◆ Your goal
Your answer must be the full listing, reproduced exactly, minus any pictures.

◆ Source material

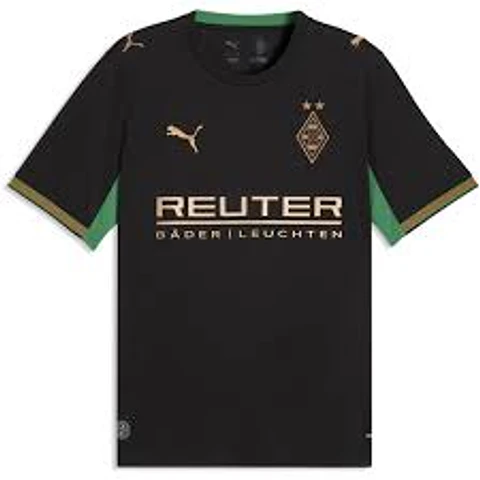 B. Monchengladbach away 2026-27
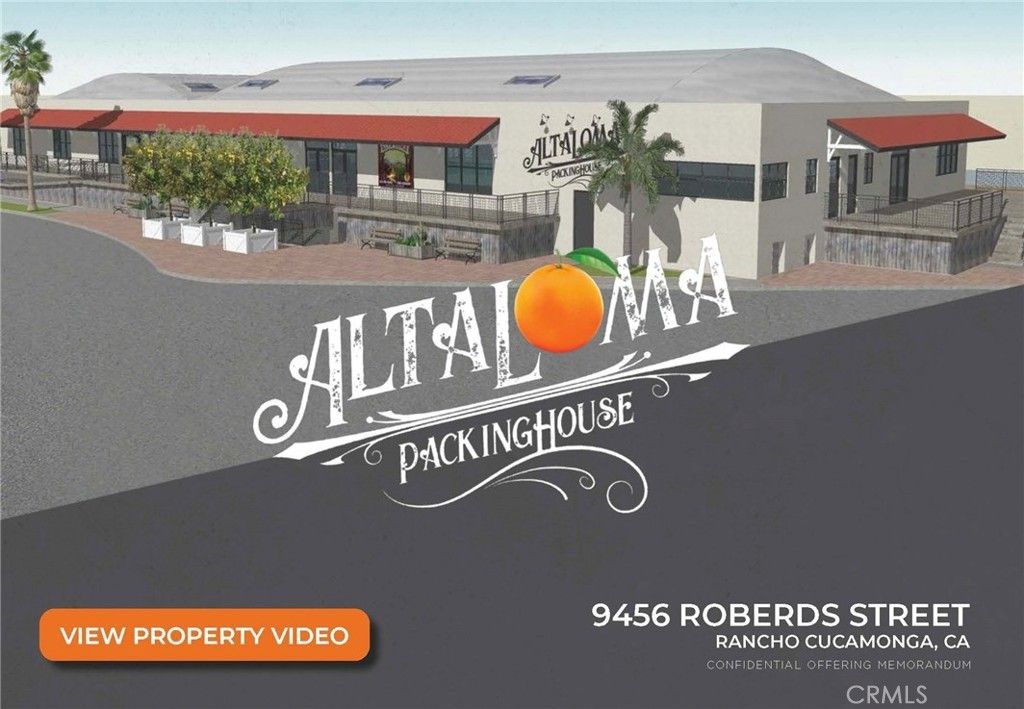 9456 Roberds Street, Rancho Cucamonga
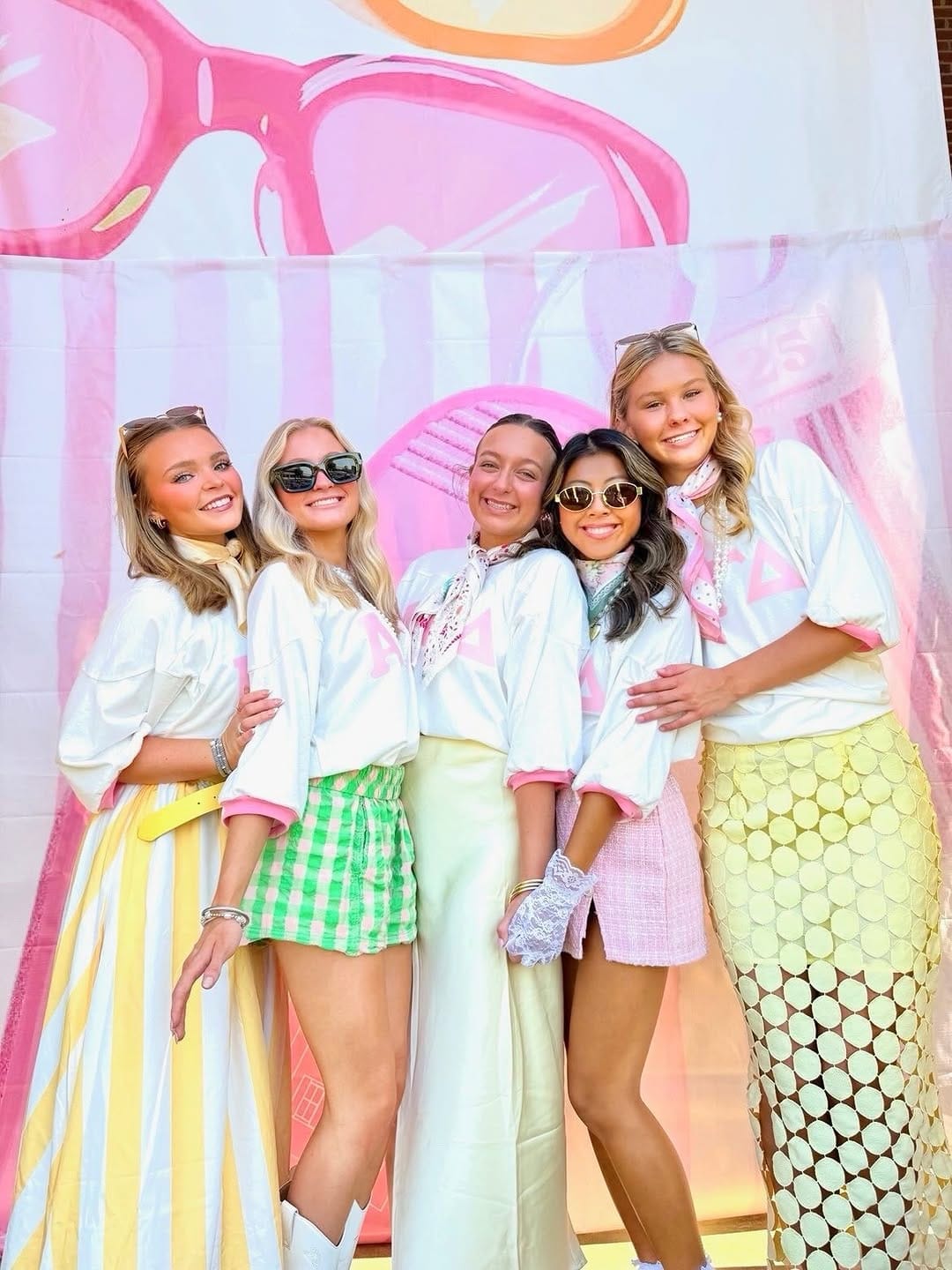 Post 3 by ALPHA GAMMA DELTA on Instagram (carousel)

◆ The completed task
 B. Monchengladbach away 2026-27
 9456 Roberds Street, Rancho Cucamonga
 Post 3 by ALPHA GAMMA DELTA on Instagram (carousel)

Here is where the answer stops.